Page MenuHomePhabricator

Repair and reload all cassandra-2 data tables but the 2 big ones
Open, In Progress, HighPublic

Description

The 2 big ones NOT TO DO are:

  • pageviews_per_article
  • mediarequests_per_file

This is needed to overcome the problem of some data being not replicated correctly, and therefore missing from the single-rack snapshot.
Step to perform:

  • Repair
  • Snapshot
  • Transfer
  • Load
  • QA

Event Timeline

BTullis changed the task status from Open to In Progress.Tue, Sep 21, 10:04 AM
BTullis claimed this task.
BTullis triaged this task as High priority.
BTullis moved this task from Next Up to In Progress on the Analytics-Kanban board.

I have completed the single-rack repair of all tables with the exception of the two biggest.

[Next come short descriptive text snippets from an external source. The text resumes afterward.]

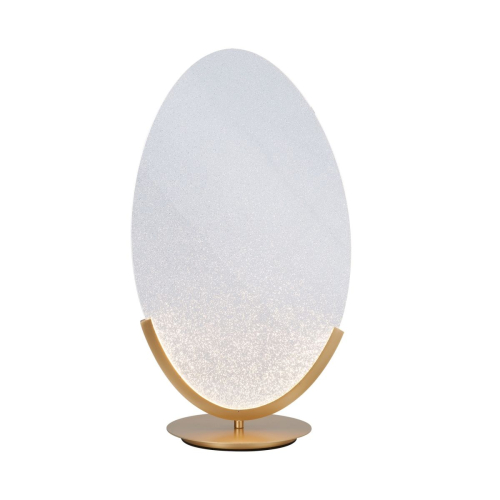 Настольная лампа Mantra Oasis 9652 изображение в интернет-магазине Cramer Light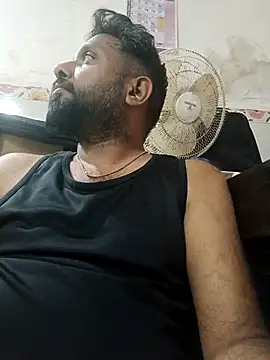 Snapshot of carria_homes chatting on February 12, 2025, 12:55 pm carria homes online show from February 12, 2025, 12:55 pm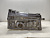 Корпус АКПП Toyota Hilux KZN130 1KZTE 3510435011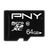 PNY Performance Plus MicroSD Class 10 64GB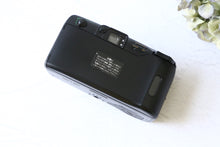 画像をギャラリービューアに読み込む, OLYMPUS OZ120ZOOM(BK)【完動品】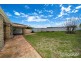 4 Hutton Court, Rockingham WA 6168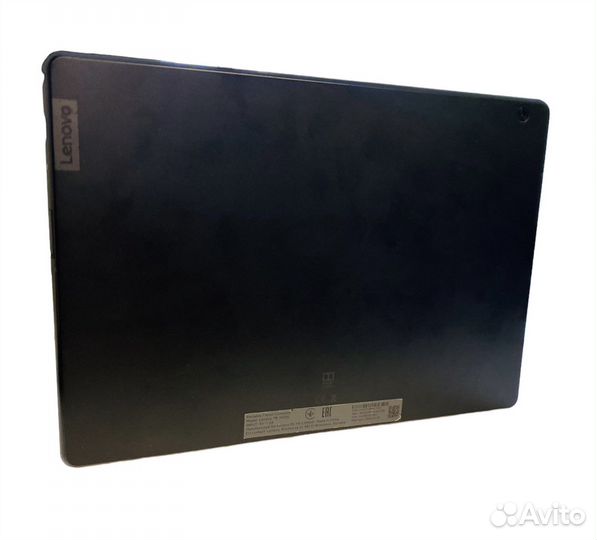 Планшет Lenovo TB-X605L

To begin I created the following list of keyspaces as a fiole named repair_keyspaces:

local_group_default_T_editors_bycountry
local_group_default_T_lgc_pagecounts_per_project
local_group_default_T_mediarequest_per_referer
local_group_default_T_mediarequest_top_files
local_group_default_T_pageviews_per_project
local_group_default_T_pageviews_per_project_v2
local_group_default_T_top_bycountry
local_group_default_T_top_pageviews
local_group_default_T_top_percountry
local_group_default_T_unique_devices

I then executed a nodetool repair for each of these keyspaces with the commands:

btullis@aqs1004:~$ for keyspace in $(cat repair_keyspaces);do sudo nodetool-a repair --full $keyspace ; done
btullis@aqs1004:~$ for keyspace in $(cat repair_keyspaces);do sudo nodetool-b repair --full $keyspace ; done
btullis@aqs1007:~$ for keyspace in $(cat repair_keyspaces);do sudo nodetool-a repair --full $keyspace ; done
btullis@aqs1007:~$ for keyspace in $(cat repair_keyspaces);do sudo nodetool-b repair --full $keyspace ; done

These completed without error.

I then repaired the meta tables in the two keyspaces which contain large data tables.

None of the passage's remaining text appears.